Colyer lost the GOP gubernatorial primary last year to Kansas Secretary of State Kris Kobach, a staunch ally of President Donald Trump. Kobach and state Chamber of Commerce President Alan Cobb are two other potential candidates, the Kansas City Star reported.
GOP Rep. Roger Marshall, who holds Roberts’ old House seat representing the 1st District, is also “seriously considering” running, according to his campaign manager Brent Robertson.
Robertson said Marshall, who was first elected in 2016, was “dead set on making sure we get border security funding to the president’s desk first. Until then, I don’t anticipate an official decision on a Senate run taking priority.” Part of the government is currently shut down amid a standoff over funding for Trump’s signature campaign promise: a wall on the southern border.
Former GOP Rep. Kevin Yoder, who lost re-election in the 3rd District last year, could also jump into the race, though one GOP strategist described the chances of Yoder running for the Senate as “slim.”
Multiple news outlets also floated Secretary of State Mike Pompeo’s name as a potential Senate contender. (Pompeo previously represented Kansas in Congress before joining the Trump administration.)
On the Democratic side, former U.S. Attorney Barry Grissom has expressed interest in running, telling McClatchy in December that he was considering challenging Roberts.

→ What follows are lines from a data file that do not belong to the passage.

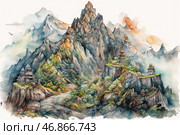 A fantastic mountain landscape with majestic peaks shrouded in light clouds. In the center rises a massive mountain, at its foot and on the slopes are bizarre buildings - ancient castles, temples and towers, reminiscent of Eastern and European architecture. Roads and paths wind between steep cliffs, and trees and bushes with bright foliage are scattered everywhere, giving the image a picturesque and fabulous look. The picture is made in a watercolor style with soft color transitions, creating a magical atmosphere. Стоковое AI-изображение, AI-художник Анна Кривицкая / Фотобанк Лори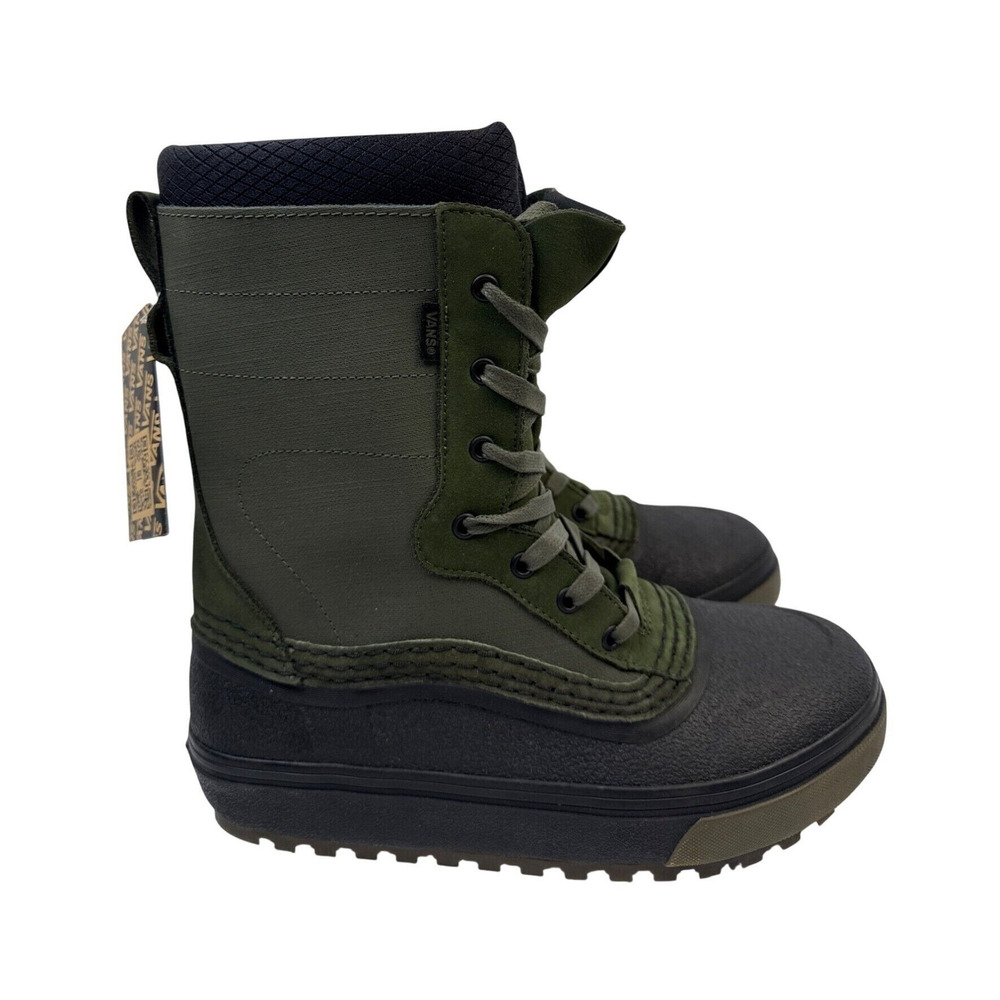 Vans‎ Winter Snow Boots MTE Womens 9.5 Mens 8 Green Waterproof Insulated Zip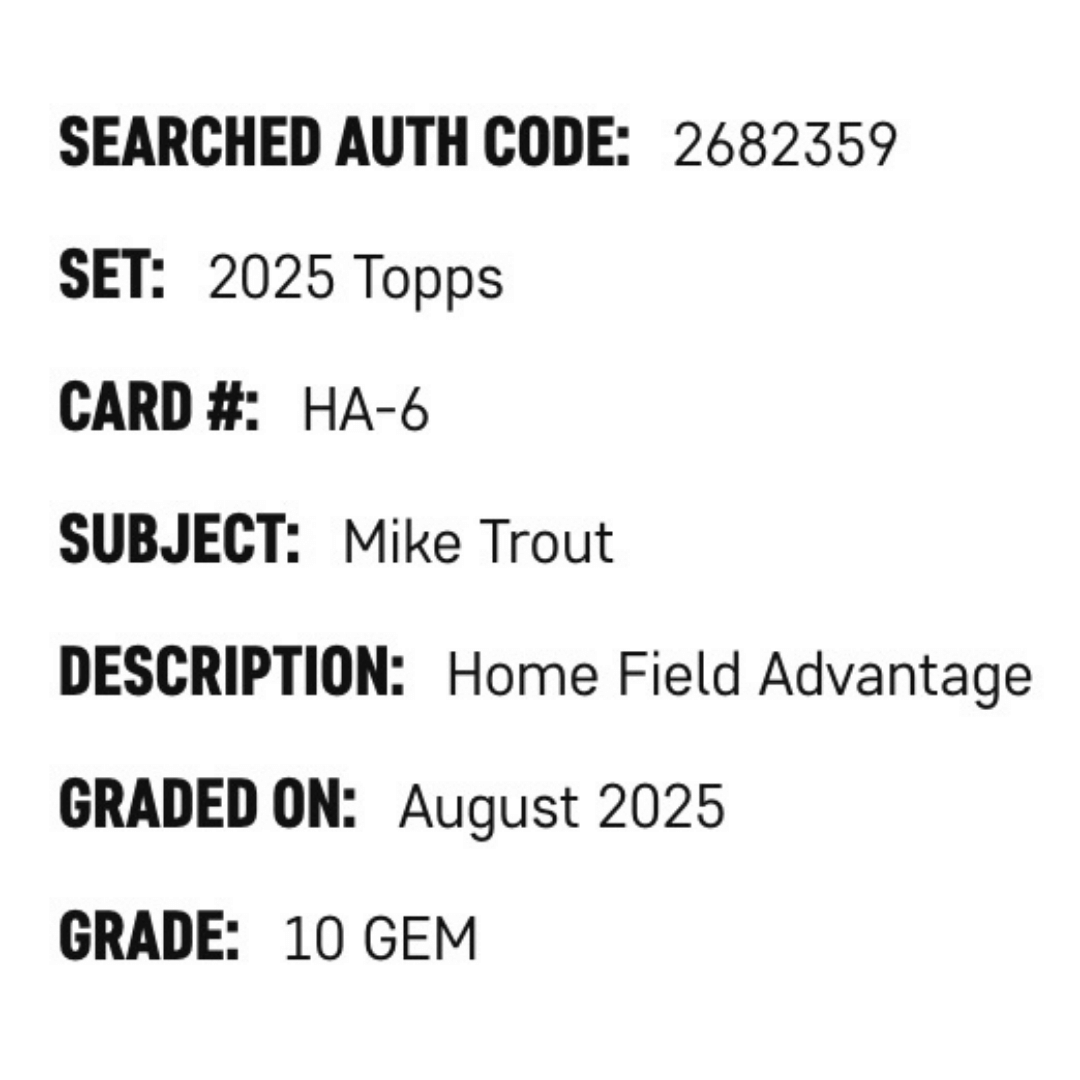 Mike Trout SGC 10 2025 Topps Home Field Advantage Case Hit Card #HA-6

Brent Welder, who ran unsuccessfully for the Democratic nomination in the 3rd District, has also been rumored to be eyeing a run. Welder, a progressive labor lawyer, worked for Sen. Bernie Sanders’ presidential campaign in 2016, and was backed by Sanders and New York Democratic Rep. Alexandria Ocasio-Cortez in the crowded primary. Welder lost the primary to attorney Sharice Davids, who went on to defeat Yoder.
“While Brent has not made any decisions at this point, he is always looking for an opportunity to defend working families against the billionaires and giant corporations that are ruining the middle class economy and corrupting our government,” said Welder’s senior adviser Shawn Borich.
Democratic strategist Zach Helder, who managed Democrat Tom Niermann’s unsuccessful primary campaign in the 3rd District, was not optimistic about his party’s chances of flipping this Senate seat despite some success in 2018. Helder said Welder, whose Kansas ties were questioned in the primary, should stay out of the Senate race or run for local office instead.
“People are trying to compare [the Senate race] to the governor’s race last cycle and it’s not an apples to apples comparison,” Helder said, referring to Democrat Laura Kelly defeating Kobach in 2018. “These Senate races get nationalized.”
“We just haven’t quite built the bench up to that point,” Helder said. “I think in six years we’ll have a real, actual credible shot at flipping a Senate seat. I just don’t think we’re quite there yet.”